There were some great times at Derry Meeting Farm, but they only had a small amount of horses. That didn’t keep me occupied enough and something inside me was beckoning to move to a different level. The owner and I really weren’t on the same page; his other employees were good workers and good people, but totally under his every wish and command. Good for him, but I was a more independent person.
I worked hard and was totally dedicated to horses, but trimming fences and menial tasks didn’t spur my imagination or inspire my dreams. Although we got along, he was looking for more of a servant than an experienced horse person. It came to a head one day.
My associate worker, Peter, was a great worker and totally dedicated to Mr. Jenny, the owner. Mr. Jenny hunted and came in with his moody boots and left them in tack room to have them cleaned. I loved to clean tack with that smell of pine oil in water and the look of the leather after saddle soap was applied or lexol. It always looked so clean and smelled great. Well, Peter always did Mr. Jenny’s boots. All of a sudden one day Peter told me, “Ralph, it’s your turn to do Mr. Jenny’s riding boots.” The Irish or something came out in me, and it was first time it had been suggested in two years. I looked at the boots and thought ‘that job is not part of me being a horseman.’
I cleaned stalls, foaled mares, drove vans, broke horses, gave shots, and washed and cleaned vans, flew to Saratoga and gave the best care to sales yearlings and any horse that needed it. But, when I looked at those muddy boots that he wore, I wondered why didn’t he take them off at home and clean them. All I could see was the big boots from his fat calves and I made up in my mind there was no way I was going to clean the boots of a grown, spoiled man.
When he came in the next morning to ride, he looked at the boots and had a puzzled look on his face. I just got my saddle off the rack and saddled up my horse. He was quiet on the ride; I was on a two year old and he was on older horse. We breezed them up a hill and I wasn’t going to get beat so I dusted him by daylight. When we were done, he took his boots off again and set them in tackroom. He said, “It’s your turn to clean my boots.” I answered yes , and he asked if I’d take care of them today. I didn’t answer. I just looked at him…well, when he came in next day they were still in same place he left them, he was mad looking at his muddy boots.
He and Peter were secretly talking.

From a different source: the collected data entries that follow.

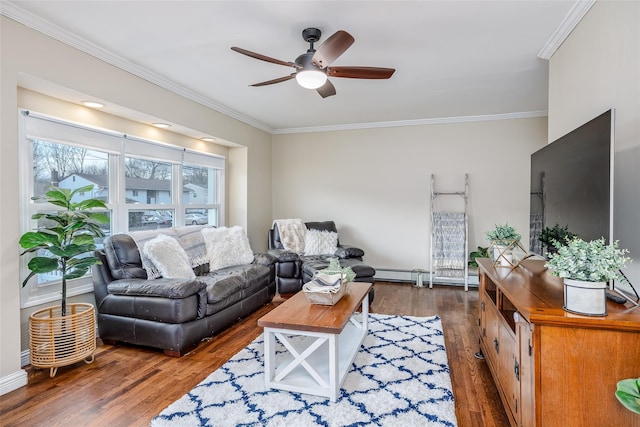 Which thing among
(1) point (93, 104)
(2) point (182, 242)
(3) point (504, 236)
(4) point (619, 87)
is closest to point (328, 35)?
(4) point (619, 87)

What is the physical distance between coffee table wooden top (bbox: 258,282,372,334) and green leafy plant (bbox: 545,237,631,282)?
3.88 ft

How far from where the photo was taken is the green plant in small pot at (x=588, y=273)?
1314mm

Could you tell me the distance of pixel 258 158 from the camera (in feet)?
18.2

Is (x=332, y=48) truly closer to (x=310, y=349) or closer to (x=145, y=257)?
(x=310, y=349)

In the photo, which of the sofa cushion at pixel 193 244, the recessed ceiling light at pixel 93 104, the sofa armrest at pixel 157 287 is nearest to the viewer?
the sofa armrest at pixel 157 287

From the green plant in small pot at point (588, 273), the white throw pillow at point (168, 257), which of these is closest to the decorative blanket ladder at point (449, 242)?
the white throw pillow at point (168, 257)

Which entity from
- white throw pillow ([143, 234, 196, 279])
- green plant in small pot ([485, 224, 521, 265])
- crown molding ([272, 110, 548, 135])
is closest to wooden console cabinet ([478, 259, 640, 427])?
green plant in small pot ([485, 224, 521, 265])

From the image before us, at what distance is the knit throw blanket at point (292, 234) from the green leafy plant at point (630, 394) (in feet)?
13.3

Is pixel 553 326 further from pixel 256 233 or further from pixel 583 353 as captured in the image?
pixel 256 233

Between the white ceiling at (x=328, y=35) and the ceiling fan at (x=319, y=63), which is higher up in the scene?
the white ceiling at (x=328, y=35)

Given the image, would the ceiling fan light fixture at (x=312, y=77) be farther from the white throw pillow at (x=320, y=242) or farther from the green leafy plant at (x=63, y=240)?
the white throw pillow at (x=320, y=242)

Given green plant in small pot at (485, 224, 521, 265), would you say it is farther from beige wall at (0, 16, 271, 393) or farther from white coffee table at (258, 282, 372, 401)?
beige wall at (0, 16, 271, 393)

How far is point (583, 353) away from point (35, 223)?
3.72 metres

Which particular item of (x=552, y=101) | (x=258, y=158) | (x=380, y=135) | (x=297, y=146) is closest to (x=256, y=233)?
(x=258, y=158) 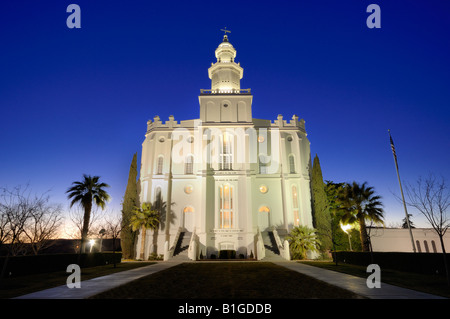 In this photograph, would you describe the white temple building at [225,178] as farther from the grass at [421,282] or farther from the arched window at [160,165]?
the grass at [421,282]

Peter was a dedicated man and would have jumped off a bridge if Mr. Jenny had told him to, but I had a problem going that far. So the next day Mr. Jenny approached me after riding in his muddy boots and said, “Ralph, I’m going to have to let you go. Things are not working out. You’re a very good horseman, but there are other issues.” It was the boots, nothing else. I replied, “That’s ok if that’s what you want, you’re the boss.” I showed him respect all the time but I’d be damned if I was going to clean a grown man’s boots. I wasn’t his damn valet, so he gave me two weeks notice.
The next day, I was mowing grass with a farm tractor and flying around fields a a pretty good clip up and down fields. I was working off steam and a little apprehensive. I saw, sitting in her Mercedes, Mrs. Jenny. (Marti Sangster now as she divorced him soon after I left. She married one of the wealthiest men in France, I can’t remember his first name. He had hundreds of horses in training.) Anyway, she just sat in her car and watched me mowing. She was a very attractive woman and a good horsewoman, great rider and was always nice to me.
The next morning Mr. Jenny called me outside the tack room and asked if we could talk. He said, “Ralph, I told Marti I had let you go and she said I was a damn fool, so she overrode me and hired you back.” I told him, thank you, I appreciate that, and that was nice of her. But, I was ticked off. I called my brother and told him I was going to quit and start training.
Within two weeks, I did just that. We had one filly at Sunview Training Center and he lined me up with a couple of horse owners. I went to the in-laws, bought a one acre lot off them for a thousand dollars and started building a house back in Maryland ~ and thus started my training career.
It still scares me to this day of that foolish move with a wife and three kids. It’s not an ideal career for a family man, a training career, but I’d be damned if I was going to clean a grown man’s riding boots and I never did.